Section 5: Unified Process

• UP is an iterative software development process framework that can be adapted to web-based systems.
• UP is based on a set of six key principles:
  • Adapt the process
  • Balance stakeholder priorities
  • Collaborate across teams
  • Demonstrate value iteratively
  • Elevate the level of abstraction
  • Focus continuously on quality

Unified Process Model

• Inception: Establish the business case for the system.
• Elaboration: Develop an understanding of the problem domain and the system architecture.
• Construction: System design, programming, and testing.
• Transition: Deploy the system in its operating environment.

6 UP Best Practices that particularly apply to web-based systems

• Develop iteratively
• Manage and monitor requirements – preserve users' design needs
• Utilize component architectures
• Model visually
• Verify quality – keep users involved to ensure they get what they want
• Control changes – prioritize changes

See Building Web Solutions with the Rational Unified Process and The Web Application Development Process for conflicting opinions on the applicability of UP to web application development.

Section 6: Agile Approaches

The analysis and design process model for web-based systems should be agile.

• This implies a lean development approach that incorporates rapid development cycles.
• Each cycle results in the deployment of a web application increment.

Aoyama describes the motivation for the agile approach in the following manner:

The internet changed software development's top priority from what to when.

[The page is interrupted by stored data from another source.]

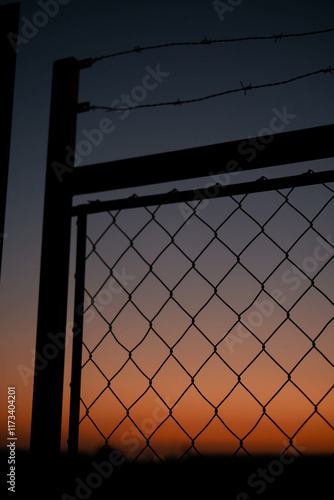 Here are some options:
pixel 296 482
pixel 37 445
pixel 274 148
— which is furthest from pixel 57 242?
pixel 296 482

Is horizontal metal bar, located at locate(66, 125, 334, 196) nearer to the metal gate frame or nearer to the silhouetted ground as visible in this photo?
the metal gate frame

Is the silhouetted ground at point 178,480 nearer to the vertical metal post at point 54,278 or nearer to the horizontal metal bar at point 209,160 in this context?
the vertical metal post at point 54,278

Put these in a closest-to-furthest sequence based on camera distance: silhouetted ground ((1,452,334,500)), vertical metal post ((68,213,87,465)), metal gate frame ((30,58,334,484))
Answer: silhouetted ground ((1,452,334,500)) → metal gate frame ((30,58,334,484)) → vertical metal post ((68,213,87,465))

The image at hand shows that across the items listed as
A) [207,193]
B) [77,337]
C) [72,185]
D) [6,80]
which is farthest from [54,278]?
[6,80]

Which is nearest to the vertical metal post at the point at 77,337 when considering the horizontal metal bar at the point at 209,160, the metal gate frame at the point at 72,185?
the metal gate frame at the point at 72,185

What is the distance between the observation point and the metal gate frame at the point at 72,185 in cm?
136

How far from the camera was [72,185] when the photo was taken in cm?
160

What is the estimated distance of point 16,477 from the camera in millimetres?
1410

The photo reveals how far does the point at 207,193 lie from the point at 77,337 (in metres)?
0.56

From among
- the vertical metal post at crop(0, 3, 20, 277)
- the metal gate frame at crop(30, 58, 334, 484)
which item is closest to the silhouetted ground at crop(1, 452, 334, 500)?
the metal gate frame at crop(30, 58, 334, 484)

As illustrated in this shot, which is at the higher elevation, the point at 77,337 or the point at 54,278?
the point at 54,278

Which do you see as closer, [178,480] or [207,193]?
[178,480]

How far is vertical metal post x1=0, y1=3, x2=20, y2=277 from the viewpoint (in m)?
1.57

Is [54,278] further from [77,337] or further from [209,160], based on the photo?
[209,160] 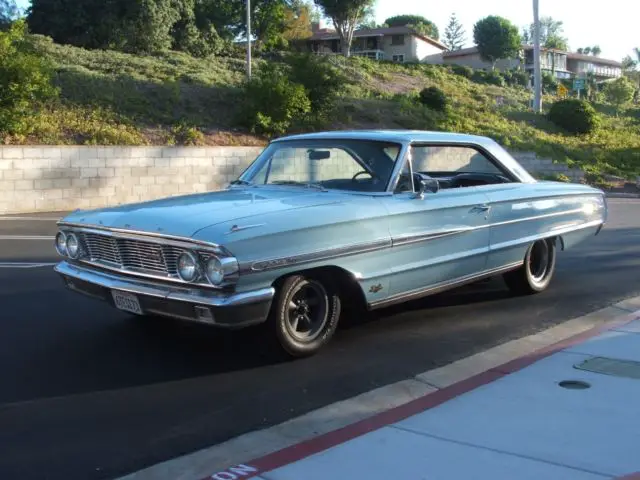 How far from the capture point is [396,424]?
4.20m

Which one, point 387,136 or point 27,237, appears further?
point 27,237

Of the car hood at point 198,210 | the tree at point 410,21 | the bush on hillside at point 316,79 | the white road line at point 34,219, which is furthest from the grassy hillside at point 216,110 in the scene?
the tree at point 410,21

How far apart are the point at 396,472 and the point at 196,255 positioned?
1.96 meters

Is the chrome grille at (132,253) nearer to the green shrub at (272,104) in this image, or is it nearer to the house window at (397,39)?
the green shrub at (272,104)

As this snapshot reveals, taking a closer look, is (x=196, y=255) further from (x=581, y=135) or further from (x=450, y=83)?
(x=450, y=83)

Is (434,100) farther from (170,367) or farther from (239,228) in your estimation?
(239,228)

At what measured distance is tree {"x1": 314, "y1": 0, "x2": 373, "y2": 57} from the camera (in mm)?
48984

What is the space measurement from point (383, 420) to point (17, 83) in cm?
1591

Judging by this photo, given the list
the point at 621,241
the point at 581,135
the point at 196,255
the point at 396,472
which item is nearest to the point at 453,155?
the point at 196,255

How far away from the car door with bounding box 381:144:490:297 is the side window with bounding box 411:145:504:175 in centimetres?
38

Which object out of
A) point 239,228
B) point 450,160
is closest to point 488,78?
point 450,160

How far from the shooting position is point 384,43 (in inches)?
2945

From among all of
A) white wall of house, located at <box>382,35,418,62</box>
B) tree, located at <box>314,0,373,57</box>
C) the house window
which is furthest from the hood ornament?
the house window

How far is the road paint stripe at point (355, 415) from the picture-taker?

Reduced time-to-market has become the competitive edge that leading companies strive for. Thus, reducing the development cycle is now one of software engineering's most important missions.

Even when rapid cycle times dominate development thinking, it is important to recognize that the web-based systems analysis and design process model must be defined within a process that:

• embraces change
• encourages the creativity and independence of development staff and strong interaction with web application stakeholders
• builds systems using small development teams
• emphasizes incremental development using short development cycles

While agility must be the underlying philosophy for our web development work, you must also understand that an emphasis on agile development in no way mitigates the need for a disciplined analysis and design approach.

Reference: Aoyama, M. (1998). Web-based Agile software development. IEEE Software, 15 (6), 56-65.

Agile User-Centered Design Method

User-centered Design (UCD) is an iterative design process in which designers focus on the users and their needs in each phase of the design process.

UCD calls for involving users throughout the design process in order to create highly usable and accessible products for them.

One Approach for UCD

• Gather group of programmers, analysts, users, testers, a facilitator.
• Document complaints of current system.
• Determine important user roles.
• Determine, prioritize, and describe tasks for each user role.
• Group similar tasks into interaction contexts.
• Associate each interaction context with a user interface for the system, and prototype the interaction context.
• Step through and modify the prototype.

Good links:

• User Centered Design
• Notes on User Centered Design Process (UCD)
• 7 Benefits of Agile and User Centered Design

Videos

Understanding the benefits of user-centered design (now private)

User Centered Design

Section 7: Web Content Management Systems

Web Content Management Systems (WCMS) may be considered to be "an approach" for Web Application Development, but are really more of a tool to keep content up-to-date once the overall site or page has been developed.

• See the Web Content Management Systems notes for more detail.

Section 8: Alternatives for WEB IS Acquisition

• In-house development
• Outsourcing
  • Development of IS
  • Application service providers